Já cenários de quarentena apenas para os idosos, como defende o Presidente da República, o número de mortes variaria entre 14,6 mil e 28,5 mil no Paraná, a depender da taxa de transmissão e das medidas de saúde pública.

 A importância de achatar a curva de contágio

Os infectologistas Jaime Rocha e Marta Fragoso explicam ainda que o isolamento social é importante para achatar a curva de contágio da Covid-19, evitando assim um pico mais intenso da doença e distribuindo os casos ao longo de um período maior de tempo. Mas por que isso é tão importante? A explicação é: para se evitar o colapso do sistema de saúde. Em outros países, os casos de Covid-19 acabaram saturando o sistema, deixando pessoas que necessitavam de atendimento desassistidas por não haver mais espaço em hospitais, UTIs, pela falta de respiradores.

“Quando falamos em óbitos, não é só de Covid, que, ainda bem, tem letalidade baixa. Mas com um grande núimero de casos em um período curto de tempo, mesmo um porcentual baixo se traduz em um grande número de mortes”, aponta o doutor Jaime. “Com isolamento social, teremos mais tempo para atender as pessoas. Os nossos hospitais, que estão sempre cheios, se encherem ainda mais por Covid, vai ter aumento da mortalidade por outras doenças. A pessoa vai infartar, bater o carro, ter um derrame, e não vai ter onde ser atendido”.
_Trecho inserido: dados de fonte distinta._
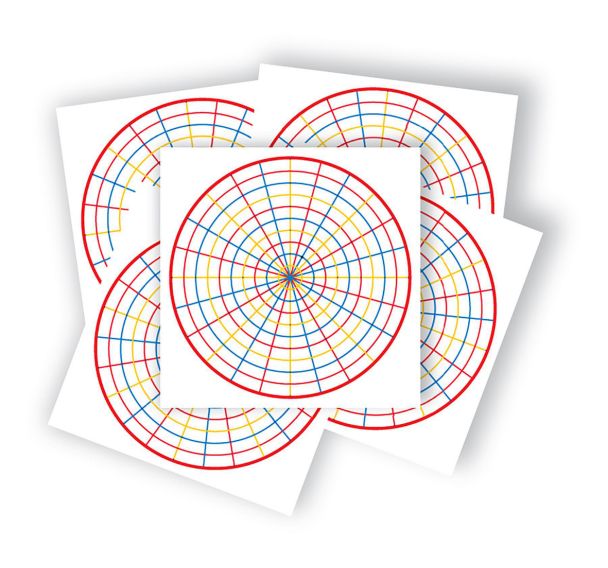 Set 36 feuilles 28x28cm pour création Mandala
Já a Doutora Marta comenta que Curitiba havia tomado no tempo certo as medidas para controle da Covid-19, o que se reflete na melhor absorção da demanda. “Está aumentando o número de contaminados, mas o número de óbitos ainda não é significativo. Então essa prática deve continuar. É uma infecção que vai ocorrer com o tempo e é importante retardar o número de expostos porque não temos como oferecer medicamentos. Com o isolamento, ganhamos tempo para até conseguir ter uma vacina, tratamentos efetivos.”

“Países com menos restrição tinham mais capacidade de testar a população”
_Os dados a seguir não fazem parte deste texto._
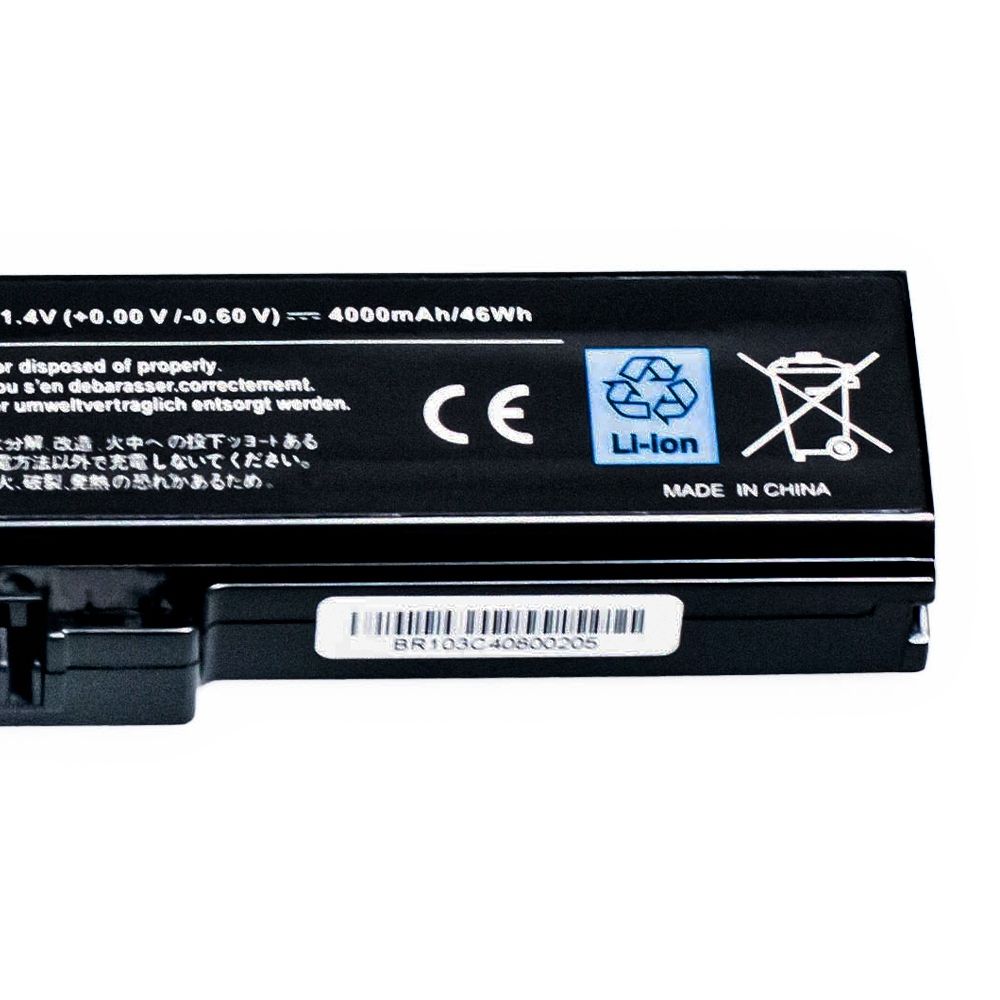 Bateria para Notebook compatível com o Toshiba Satellite A660-15J, 10.8 V 4000 mAh, com recarga inteligente e 12 meses de garantia.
Presidente do Conselho Regional de Medicina (CRM-PR), o médico Roberto Issamu Yosida comenta que os países com menos restrição na circulação de pessoas, como a Coreia do Sul, possuem grande capacidade para testar a população na tentativa de identificar e isolar aqueles que foram efetivamente infectados pelo novo coronavírus. No Brasil, porém, o grande problema é que não há tantos testes disponíveis, tanto que apenas os casos mais graves de Sìndrome Respiratória Aguda Grave (SRAG) estão sendo testados em Curitiba.

“Hoje, no mundo, existe uma limitação de tudo: tanto de exame como de equipamentos. Independente da riqueza do país, existe uma limitação de EPIs, capacidade instalada dos serviços de saúde, testes. O que se pode fazer é o que tem sido feito por todos os países. Mas existe essa limitação [de insumos e produtos], que é do mundo todo.”
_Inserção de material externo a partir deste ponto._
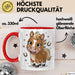 Pferdeliebhaber Tasse Geschenkidee für Reitsport Rot Trendation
 “Se não optar pela saúde, talvez prejudique ainda mais a economia”

Por fim, o infectologista Jaime Rocha aponta que uma retomada precoce da atividade econômica terá, inevitavelmente, reflexos no âmbito da saúde pública. Neste momento, no entanto, ele destaca a importância de se optar em focar na questão da saúde, sob pena de lá na frente, inclusive, se prejudicar ainda mais a economia.

“Achar um meio-termo [para o isolamento social] é importante, os técnicos também querem abrir sua vida novamente. Mas existem análises mostrando que se não atender a saúde nesse momento, você provavelmente também não salva o econômico. Ao ter um número grande de pessoas de todas as idades indo a óbito, outras pessoas ficam com medo, cai a produtividade, tem dificuldade depois para conseguir mão de obra, várias outras coisas. Então se não optar agora pela área da saúde, talvez prejudique ainda mais os dois lados lá na frente.”